The scene of the poem seems more Romantic than Objectivist, hinting vaguely of sexual malaise. In a strictly Zukofskyan sense, it lacks any objectification, any totality of perfect rest. It seems, instead, suggestively but mildly agitated.

Zukofsky followed Rakosi’s poems with his own contribution—the Seventh Movement of his epic poem-in-progress, “A,” a series of seven menacingly, skillfully rendered sonnets that recapitulate all the themes involved in his poem up to that point. Subtitled “There are different techniques,” the series begins with this sonnet:
Horses: who will do it? out of manes? Words
Will do it, out of manes, out of airs, but
They have no manes, so there are no airs, birds
Of words, from me to them no singing gut.
For they have no eyes, for their legs are wood,
For their stomachs are logs with print on them,
Blood-red, red lamps hang from necks or where could
Be necks, two legs stand A, four together M.

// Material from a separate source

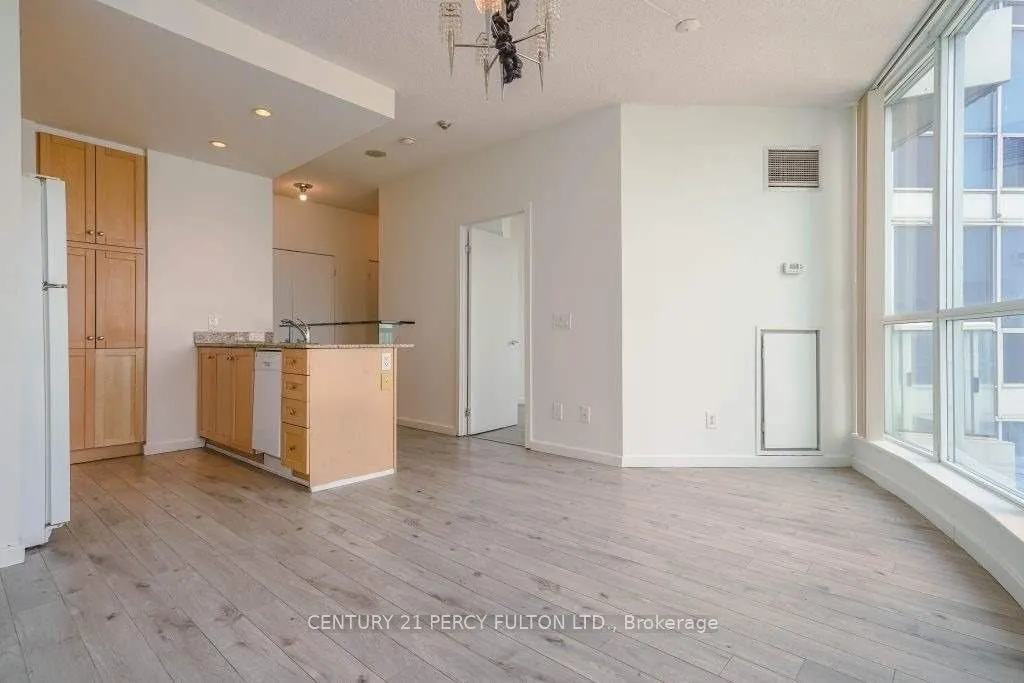 8 York Street #3513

“Street Closed” is what print says on their stomachs;
That cuts out everybody but the diggers;
You’re cut out, and she’s cut out, and the jiggers
Are cut out, No! we can’t have such nor bucks
As won’t, tho they’re not here pass thru a hoop
Strayed on a manhole—me? Am on a stoop.

Zukofsky, in seemingly natural yet carefully rhymed lyric language, is describing a strictly urban scene: sawhorses at a work site. The “A” of his title is one sawhorse; two (now four-legged) make an M, an alphabetic objectification of the world.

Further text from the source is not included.